Supplied records:
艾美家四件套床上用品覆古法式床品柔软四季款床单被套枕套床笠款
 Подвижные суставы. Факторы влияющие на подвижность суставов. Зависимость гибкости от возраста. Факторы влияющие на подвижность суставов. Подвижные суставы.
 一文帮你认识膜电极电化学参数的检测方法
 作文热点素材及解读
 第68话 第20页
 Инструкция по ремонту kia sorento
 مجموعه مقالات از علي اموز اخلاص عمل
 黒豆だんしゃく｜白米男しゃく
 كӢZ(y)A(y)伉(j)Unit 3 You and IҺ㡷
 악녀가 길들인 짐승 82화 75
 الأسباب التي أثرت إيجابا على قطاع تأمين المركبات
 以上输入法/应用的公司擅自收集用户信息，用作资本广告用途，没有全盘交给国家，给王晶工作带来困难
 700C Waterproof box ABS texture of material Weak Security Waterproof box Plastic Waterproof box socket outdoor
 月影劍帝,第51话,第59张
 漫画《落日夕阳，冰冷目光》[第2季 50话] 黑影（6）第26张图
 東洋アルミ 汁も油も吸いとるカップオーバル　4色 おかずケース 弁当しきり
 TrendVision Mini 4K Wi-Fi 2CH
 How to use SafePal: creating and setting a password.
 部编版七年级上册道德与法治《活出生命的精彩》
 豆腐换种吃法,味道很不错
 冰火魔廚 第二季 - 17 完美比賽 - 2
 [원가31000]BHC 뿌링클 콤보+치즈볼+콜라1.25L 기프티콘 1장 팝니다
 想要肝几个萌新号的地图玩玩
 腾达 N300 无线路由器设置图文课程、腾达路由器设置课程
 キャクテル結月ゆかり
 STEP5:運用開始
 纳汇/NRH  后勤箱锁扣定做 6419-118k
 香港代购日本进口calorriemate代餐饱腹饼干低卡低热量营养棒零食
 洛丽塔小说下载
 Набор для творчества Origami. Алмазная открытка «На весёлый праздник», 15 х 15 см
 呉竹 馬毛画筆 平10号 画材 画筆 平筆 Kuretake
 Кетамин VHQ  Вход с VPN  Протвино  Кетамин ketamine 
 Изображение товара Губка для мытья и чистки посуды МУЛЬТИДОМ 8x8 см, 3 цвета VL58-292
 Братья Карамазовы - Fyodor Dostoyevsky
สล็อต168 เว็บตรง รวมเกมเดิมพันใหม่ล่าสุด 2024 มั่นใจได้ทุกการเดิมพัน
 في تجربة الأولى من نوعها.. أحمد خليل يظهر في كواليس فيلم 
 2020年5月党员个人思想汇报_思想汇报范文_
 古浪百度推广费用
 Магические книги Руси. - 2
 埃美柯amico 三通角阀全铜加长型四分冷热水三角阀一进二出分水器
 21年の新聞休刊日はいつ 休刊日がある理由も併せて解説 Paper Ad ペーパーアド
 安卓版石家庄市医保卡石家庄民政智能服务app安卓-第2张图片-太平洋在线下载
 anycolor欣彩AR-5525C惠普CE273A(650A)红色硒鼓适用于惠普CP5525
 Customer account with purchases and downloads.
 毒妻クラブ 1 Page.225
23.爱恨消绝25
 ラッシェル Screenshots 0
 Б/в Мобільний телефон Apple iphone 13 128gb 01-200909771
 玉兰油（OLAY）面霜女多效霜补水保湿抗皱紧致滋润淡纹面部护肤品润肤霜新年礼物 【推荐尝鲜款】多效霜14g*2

Your task:
The expected output is the run of lines from the one that includes "21年の新聞休刊日はいつ 休刊日がある理由も併せて解説 Paper Ad ペーパーアド" through the end of the listing above, exactly as they stand.

Answer to the exercise:
 21年の新聞休刊日はいつ 休刊日がある理由も併せて解説 Paper Ad ペーパーアド
 安卓版石家庄市医保卡石家庄民政智能服务app安卓-第2张图片-太平洋在线下载
 anycolor欣彩AR-5525C惠普CE273A(650A)红色硒鼓适用于惠普CP5525
 Customer account with purchases and downloads.
 毒妻クラブ 1 Page.225
23.爱恨消绝25
 ラッシェル Screenshots 0
 Б/в Мобільний телефон Apple iphone 13 128gb 01-200909771
 玉兰油（OLAY）面霜女多效霜补水保湿抗皱紧致滋润淡纹面部护肤品润肤霜新年礼物 【推荐尝鲜款】多效霜14g*2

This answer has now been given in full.